Is It Too Late To Implement Restrictive Covenants For My Current Employees?

The Great Resignation has brought a new urgency to non-compete agreements and other protections. Here’s what’s possible.

The Great Resignation, the Big Quit and the Great Reshuffle have become normal parlance as employers struggle with employee turnover, which has become an issue that must be addressed by management, HR and professionals at the highest echelons of company leadership given the big picture challenges in today’s landscape. Departing employees can significantly impact a business’ operations, which can run the gamut from the loss of institutional knowledge and skills to the consequences from more sinister employee behavior, such as taking confidential information, convincing other employees to leave, soliciting clients, vendors and contractors and disparaging the company online and to others.

Many employers protect their business and assets through employee restrictive covenant agreements, which can include non-competes (employee cannot compete usually in a geographic region for a specific time period), non-solicitation of customers, non-disclosure of confidential information and non-poaching agreements of employees. But some employers do not.
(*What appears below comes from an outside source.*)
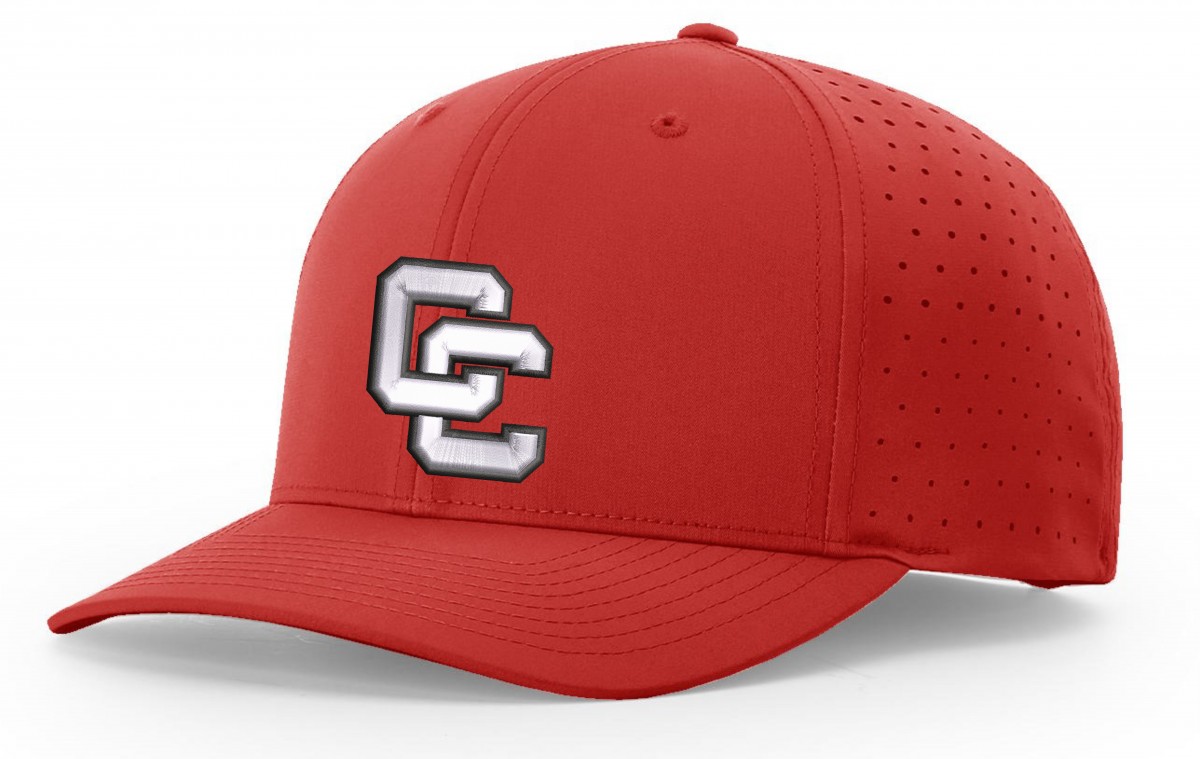 3D3 632 CAVE CITY CAP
And, for those employers that do not and are navigating turnover in this ultra-competitive employment market, what legal options do they have to best protect their assets from departing employees?

Requiring Restrictive Covenant Agreements

First, employers should consider requiring current employees to sign restrictive covenants. While state law varies, generally employers are not prohibited from requiring that current, at-will employees sign restrictive covenant agreements. So, absent a specific state prohibition, if you are an employer without restrictive covenants, you can make a business decision that certain employees must sign restrictive covenants.
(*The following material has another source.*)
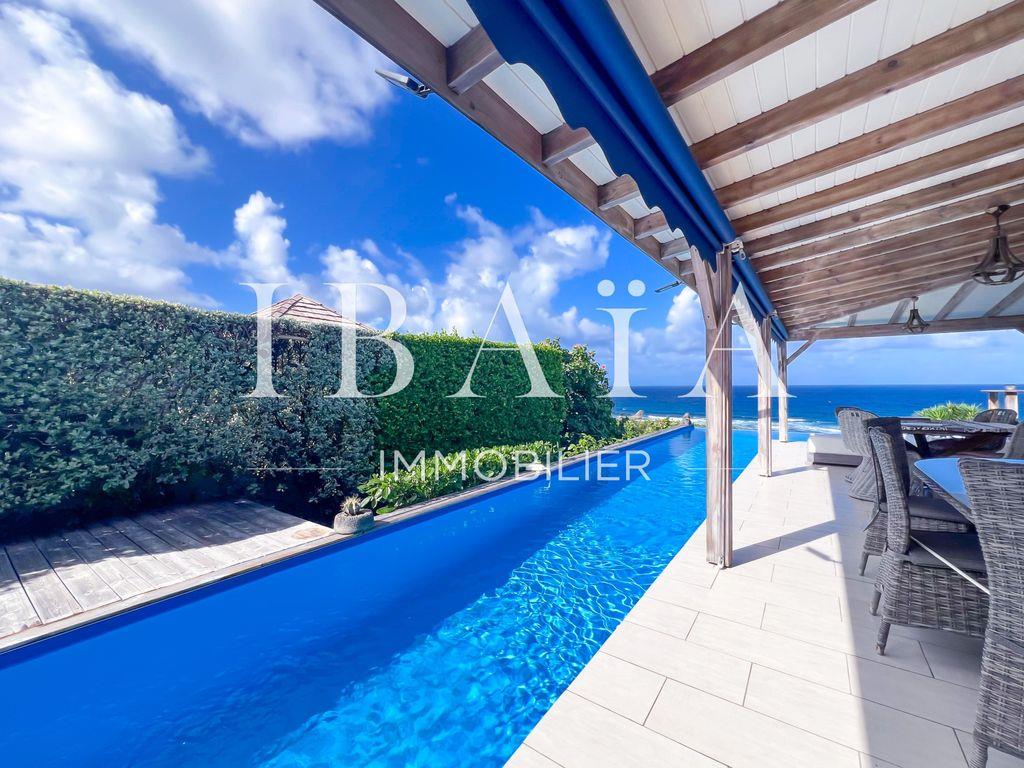 Luxury House for sale in Le Moule, Guadeloupe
Importantly, however, a restrictive covenant must be supported by valid consideration, meaning an employee must receive something of value in exchange for entering into the restrictive covenant. While what constitutes sufficient consideration is state-specific and beyond the scope of this article, in many jurisdictions, courts consider continued at-will employment as sufficient consideration. But in other states, continued employment is not sufficient consideration for a restrictive covenant, or the law is not clear, and additional consideration (increased pay, bonus, or change in title and responsibilities, etc.) would likely be required as consideration.
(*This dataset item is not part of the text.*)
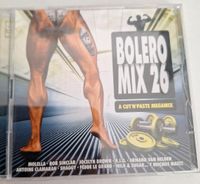 Bolero Mix 26 a cut'n Paste Megamix Rheinland-Pfalz - Ludwigshafen Vorschau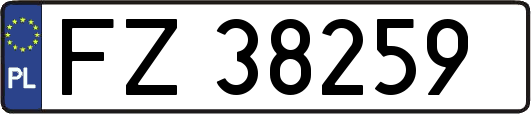 FZ38259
Employee Refusals to Sign Restrictive Covenant

Second, an employer who requires restrictive covenants for current employees must consider what happens if those employees refuse. On one extreme, an employer can condition continued employment on the signing of an agreement. Generally, an at-will employee does not have a cause of action if that employee’s employment is terminated for refusing to sign a valid, lawful restrictive covenants agreement. Of course, other options exist.

An employer could negotiate with the employee and limit the scope of restrictive covenants (time and geography) or eliminate certain clauses all together. Or an employer could incentivize the employee to accept the agreement through higher pay or other benefits. Conversely, an employer can limit the employee’s access to confidential or customer information, or other perks of employment (telework, etc.), until such an agreement is reached.

Alternative Protections

Third, if an agreement cannot be reached, all is not lost. There are state laws and a federal law (Defense of Trade Secrets Act) that protect the use and disclosure of trade secrets, and employees generally cannot violate trade secret laws, whether they have a restrictive covenants agreement or not. While what is a trade secret is very fact specific, an employer can best protect itself by documenting what it considers trade secrets and informing the employee of such. For example, an employer should, at the very least, clearly define and specify the material it considers trade secrets, take appropriate steps to protect the information and inform the employee about the company’s rules regarding use and disclosure of such information.

There are also other potential protections. Most states impose common law duties of loyalty on employees. This means an employee has a duty not to act or to agree to act during the period of his employment for persons whose interests’ conflict with those of the employer in matters for which the employee is employed. This duty of loyalty has been interpreted to restrict current employers from diverting business to, using time and resources for and sharing confidential information with a competing entity. There are also potential protections against employees who knowingly cause or induce someone to breach a contract (e.g., employing someone in breach of restrictive covenants) and for tortious interference with business relationships.

While these theories will be very fact and state law specific, the important part is to remember that all is not lost simply because an employee does not have a restrictive covenants agreement.

In sum, the Great Resignation is very real. Employers who are not protected with employee restrictive covenants should strongly consider doing so, and consider all other options to defend important business assets and protectable interests.